200 million alleged Yahoo user details up for sale on Darknet
Based on the sample obtained by Motherboard, which first broke the news of the potential breach, apart from usernames and dates of birth, the data dump includes such sensitive information as passwords, backup email addresses, country of origin and even ZIP codes for some users.
All of these ‘handy’ details are available for just 3 bitcoin, or approximately US$1,800.
Motherboard checked a small sample of the credentials – some two dozen records – to discover that most of the tested Yahoo usernames are linked to actual accounts. However, messages sent to some 100 of the addresses in the sample set were bounced back as undeliverable. This may be due to the fact that the listed data was “most likely” from 2012, as the advert on Darknet claimed, and some accounts may have been deleted since then.

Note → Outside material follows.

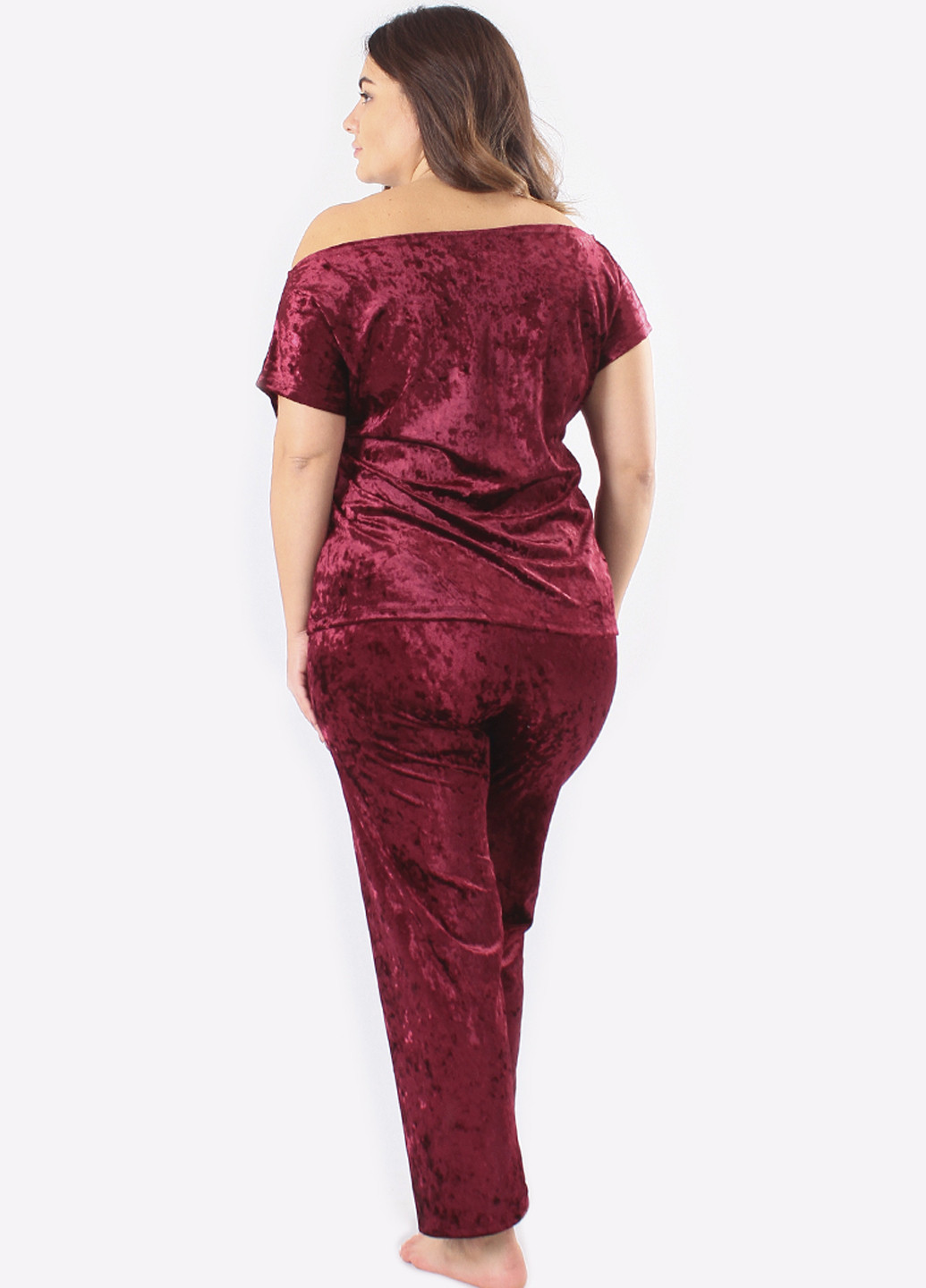 Бордова всесезон піжама (футболка, штани) футболка + штани Ghazel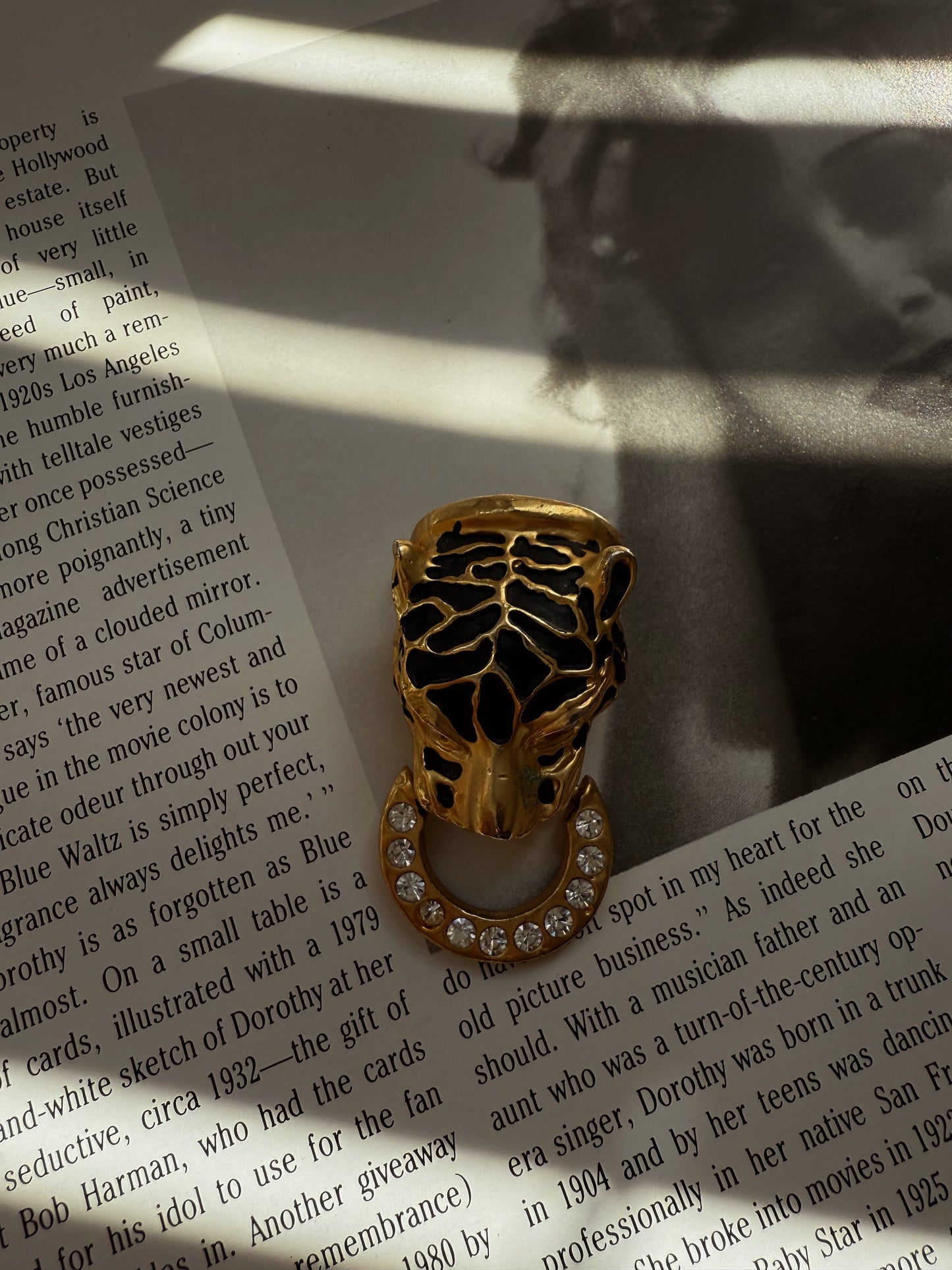 Gold Tone Black Jaguar Brooch|Vintage Baazaar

The listing also said that passwords obtained were hashed with an MD5 algorithm, a password-storing method which is known to be easily hacked nowadays.
The listing was put up for sale by the notorious hacker Peace_of_Mind [Peace] and gained credibility nearly instantly, as Peace has a history of successfully breaching web platforms. As his latest achievement, in May this year, Peace pitched over 100 million LinkedIn members’ Email addresses and passwords on the same Darknet market.
Yahoo has not acknowledged the breach, but said it is aware of the listing.
“We are aware of a claim,” a Yahoo statement reads, stressing that the web service has launched a probe into the advertisement.
“We are committed to protecting the security of our users’ information and we take any such claim very seriously. Our security team is working to determine the facts,” the company said.
There is not much information on the hacker’s identity. In an interview given to Wired, the group or individual behind the Peace persona said he or she was once part of a Russian hacking group that hacked major technology organizations.
After that group reportedly broke up, a number of data dumps surfaced on the Darknet, including some 160 million accounts from LinkedIn (in two separate listings), 100 million user details from Russian social media platform VK.com (V Kontake or ‘In Contact’) and 360 million credentials from MySpace. In an interview to Softpedia, Peace claimed these breaches had earned him some $65,000.